Directions:
The full listing is to be returned exactly as given, but without pictures.

Dataset:
★ ★ ★ ★
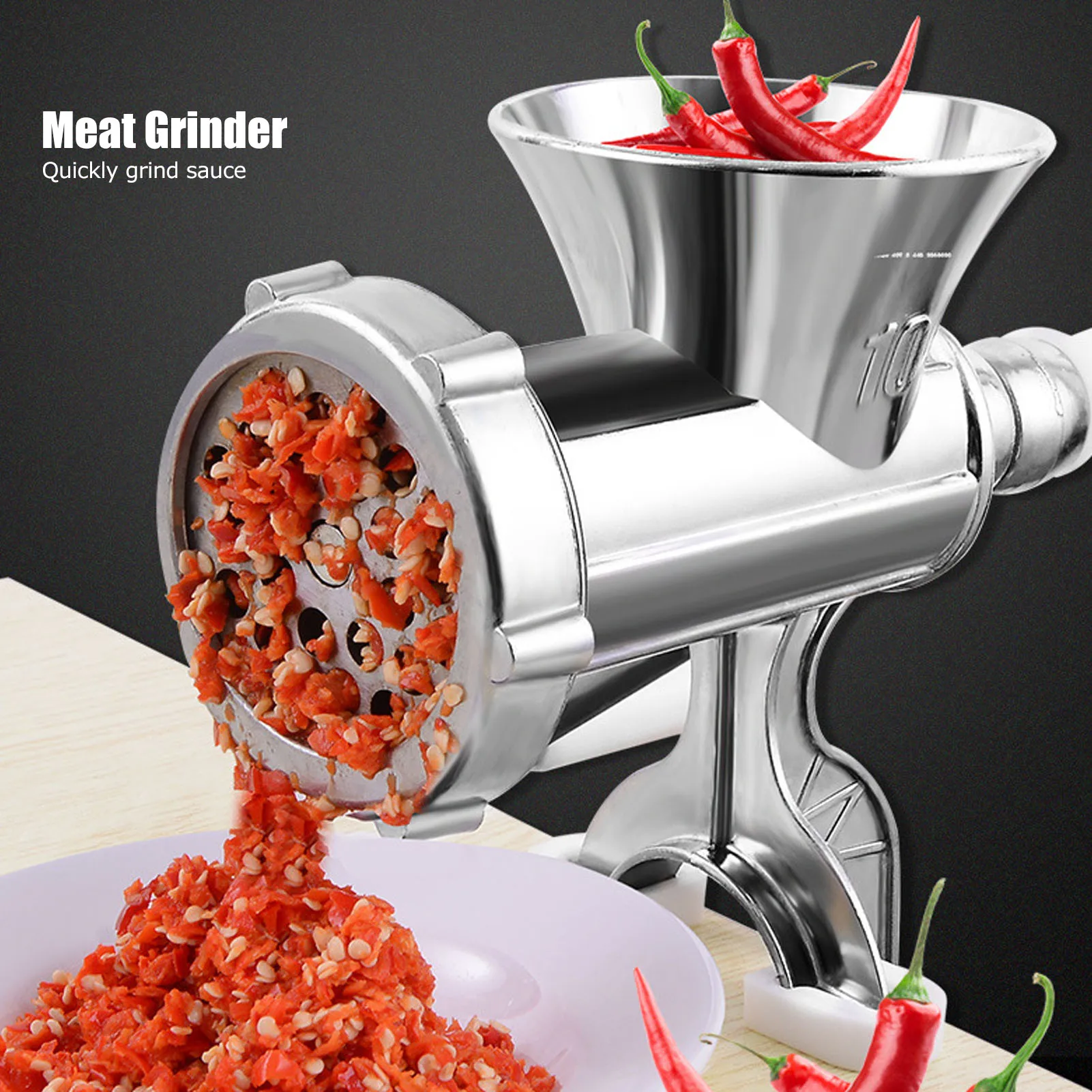Manual Meat Grinder Silver Aluminum Alloy Powerful Home Sausage Kitchen Appliances Vegetable Chopper Pepper Supplies Mincer 4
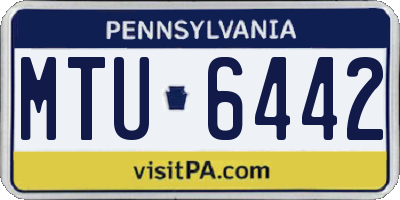 PA license plate MTU6442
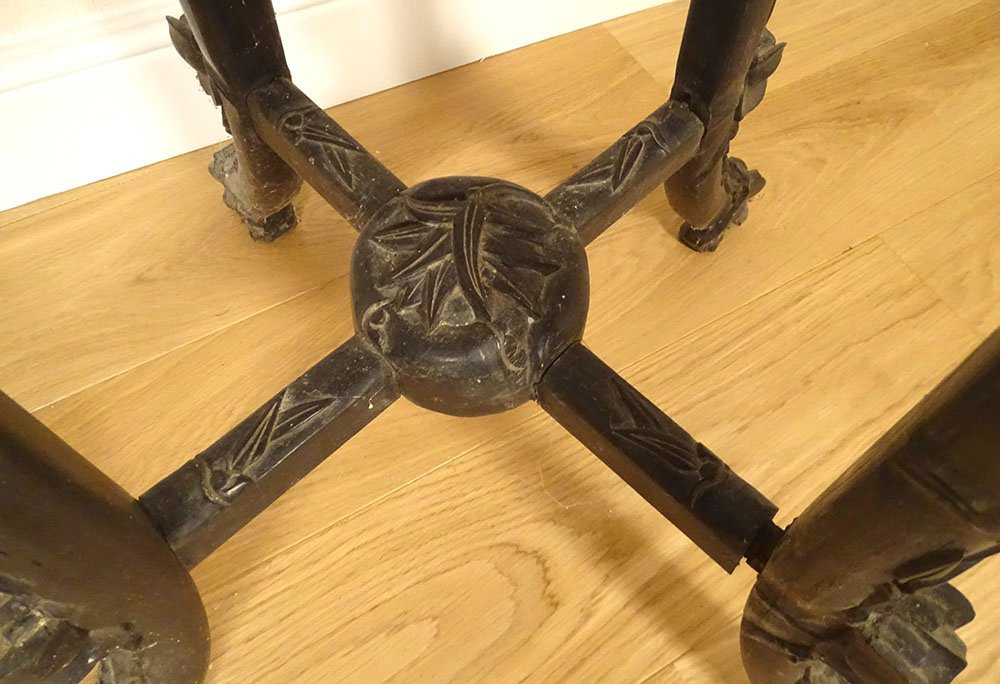 Incense Table Stand Carved Ironwood Marble Vietnam Indochina 19th Century-photo-1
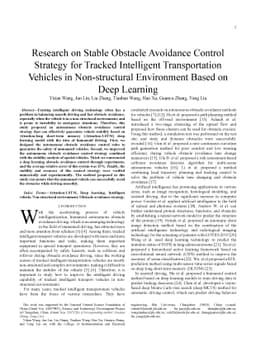 Research on Stable Obstacle Avoidance Control Strategy for Tracked
  Intelligent Transportation Vehicles in Non-structural Environment Based on
  Deep Learning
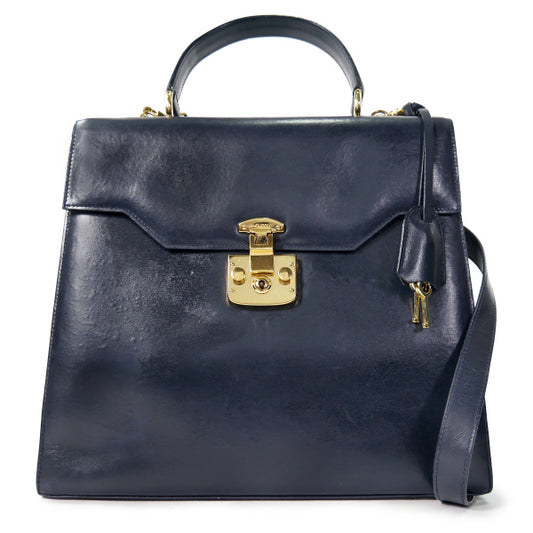 OLD Gucci ＜訳あり＞レディロック 総革2WAYバッグ（紺）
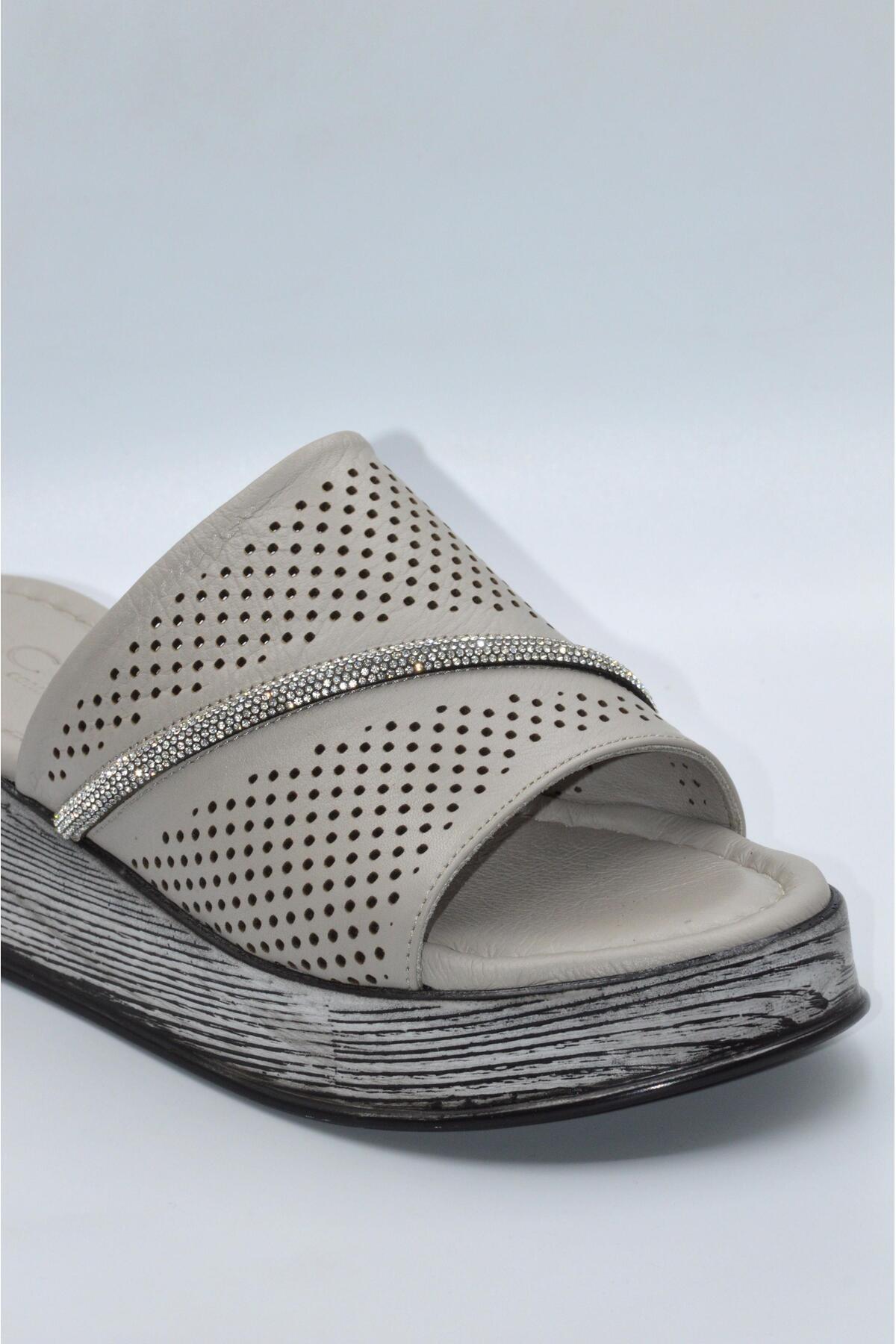 Biocomfort-Women's Mink Genuine Leather Stone Summer Slippers - (Drn-1009) 3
★ ★ ★ ★
Output:
Manual Meat Grinder Silver Aluminum Alloy Powerful Home Sausage Kitchen Appliances Vegetable Chopper Pepper Supplies Mincer 4
 PA license plate MTU6442
 Incense Table Stand Carved Ironwood Marble Vietnam Indochina 19th Century-photo-1
 Research on Stable Obstacle Avoidance Control Strategy for Tracked
  Intelligent Transportation Vehicles in Non-structural Environment Based on
  Deep Learning
 OLD Gucci ＜訳あり＞レディロック 総革2WAYバッグ（紺）
 Biocomfort-Women's Mink Genuine Leather Stone Summer Slippers - (Drn-1009) 3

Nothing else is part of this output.